### TRY IT
Reproduce the full listing as it stands. Images do not belong in the copy.
-------
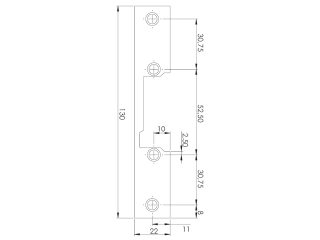 YFP130SS Płaskownik montażowy 130mm, inox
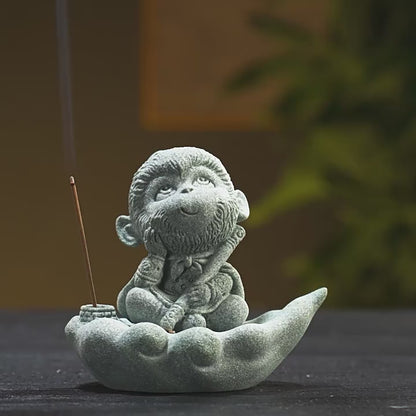 Wukong Zen Incense Burner Tabletop Ornament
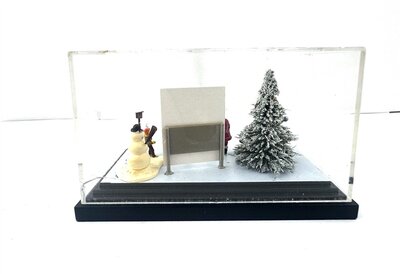 Busch 7635 Merry Christmas Kleindiorama 1:87 R�ckseite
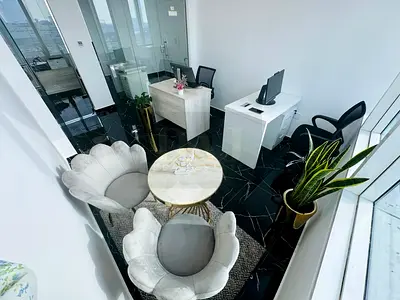 Stylish Office | Free Utilities | Bank Account Assistance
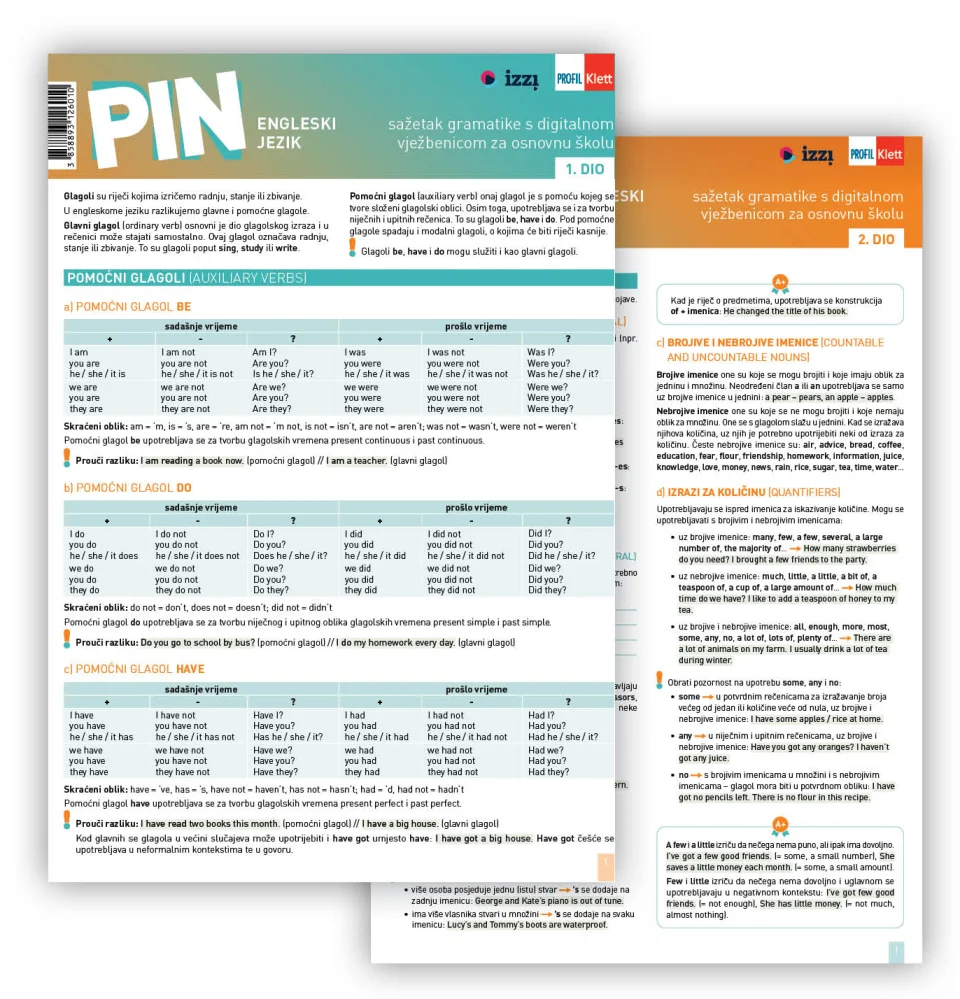 PIN ENGLESKI JEZIK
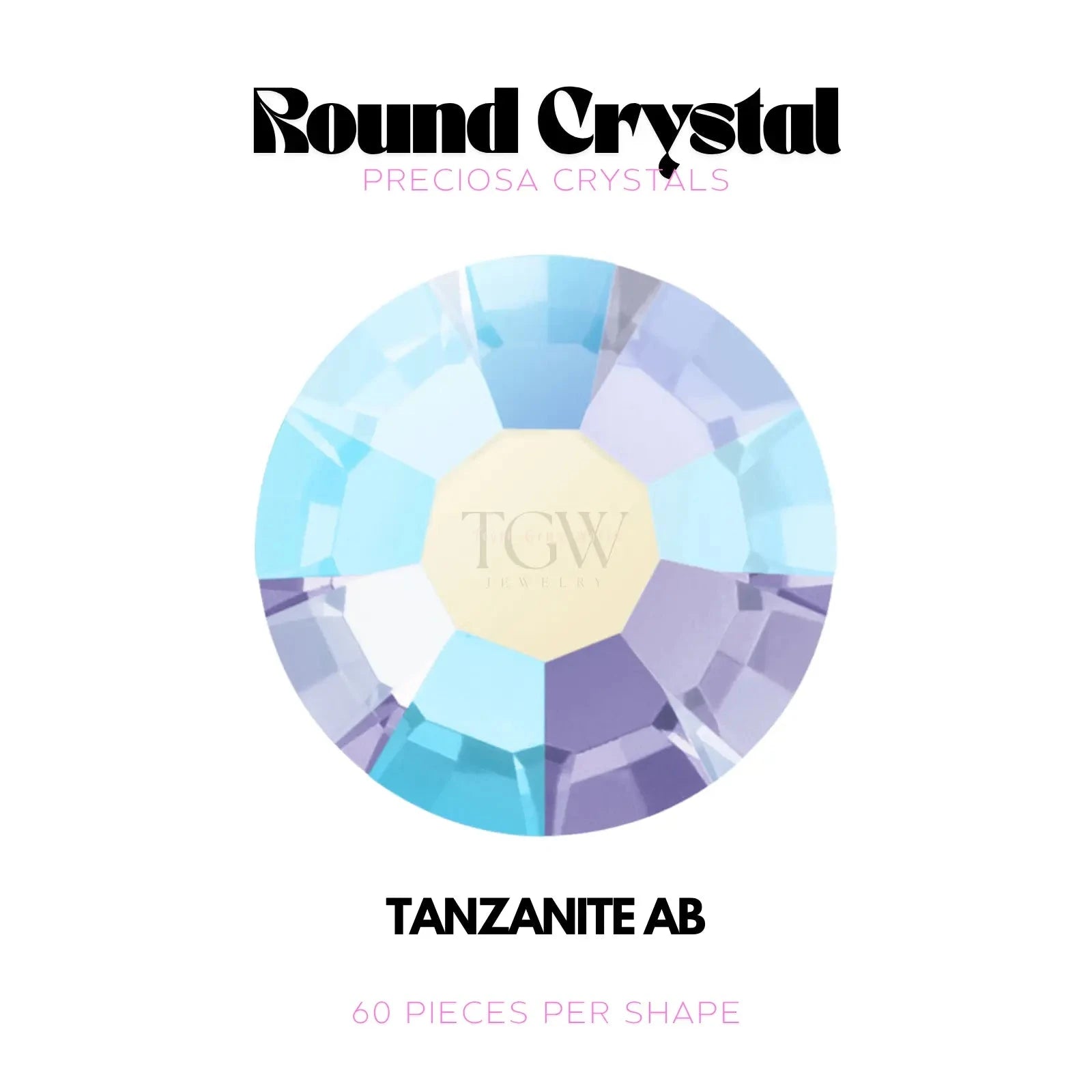 PRECIOSA - TANZANITE AB STRASS DENTAIRES Tooth Gems World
-------
### OUTPUT OF THE EXERCISE
 YFP130SS Płaskownik montażowy 130mm, inox
 Wukong Zen Incense Burner Tabletop Ornament
 Busch 7635 Merry Christmas Kleindiorama 1:87 R�ckseite
 Stylish Office | Free Utilities | Bank Account Assistance
 PIN ENGLESKI JEZIK
 PRECIOSA - TANZANITE AB STRASS DENTAIRES Tooth Gems World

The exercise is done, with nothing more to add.